(Data records)

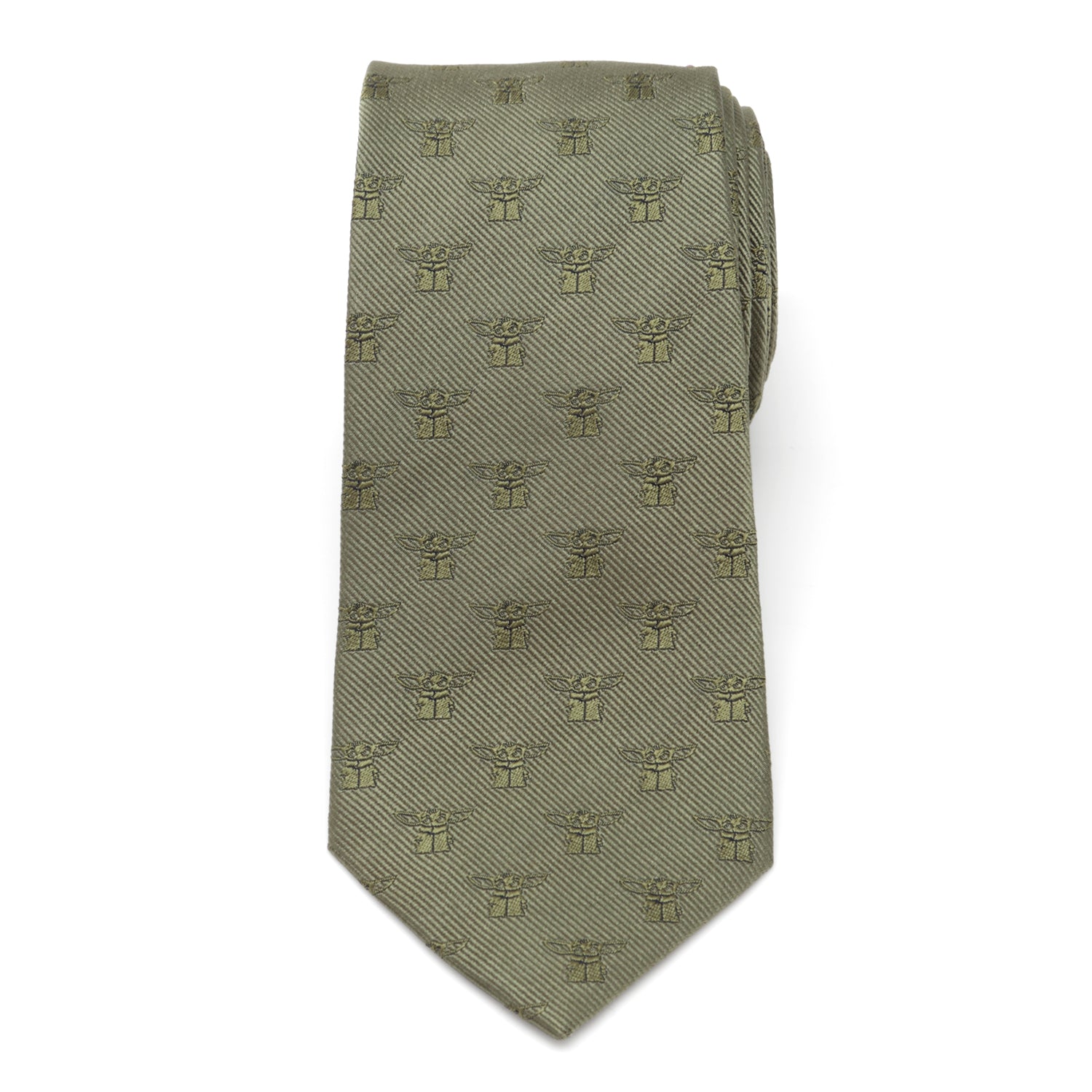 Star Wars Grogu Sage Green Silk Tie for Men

(End Data records)
(Data records)

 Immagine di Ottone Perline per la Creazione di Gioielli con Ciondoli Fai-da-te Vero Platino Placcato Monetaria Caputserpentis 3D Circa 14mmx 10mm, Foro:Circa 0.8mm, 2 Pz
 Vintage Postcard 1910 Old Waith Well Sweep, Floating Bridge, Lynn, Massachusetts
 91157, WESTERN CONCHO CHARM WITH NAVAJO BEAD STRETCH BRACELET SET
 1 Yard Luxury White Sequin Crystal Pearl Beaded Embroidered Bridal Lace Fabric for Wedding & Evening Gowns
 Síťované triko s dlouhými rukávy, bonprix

(End Data records)

Starting with the line that holds "Immagine di Ottone" and ending with the line that holds "Síťované triko s dlouhými rukávy, bonprix", retype every line in the data above exactly, and nothing else.

 Immagine di Ottone Perline per la Creazione di Gioielli con Ciondoli Fai-da-te Vero Platino Placcato Monetaria Caputserpentis 3D Circa 14mmx 10mm, Foro:Circa 0.8mm, 2 Pz
 Vintage Postcard 1910 Old Waith Well Sweep, Floating Bridge, Lynn, Massachusetts
 91157, WESTERN CONCHO CHARM WITH NAVAJO BEAD STRETCH BRACELET SET
 1 Yard Luxury White Sequin Crystal Pearl Beaded Embroidered Bridal Lace Fabric for Wedding & Evening Gowns
 Síťované triko s dlouhými rukávy, bonprix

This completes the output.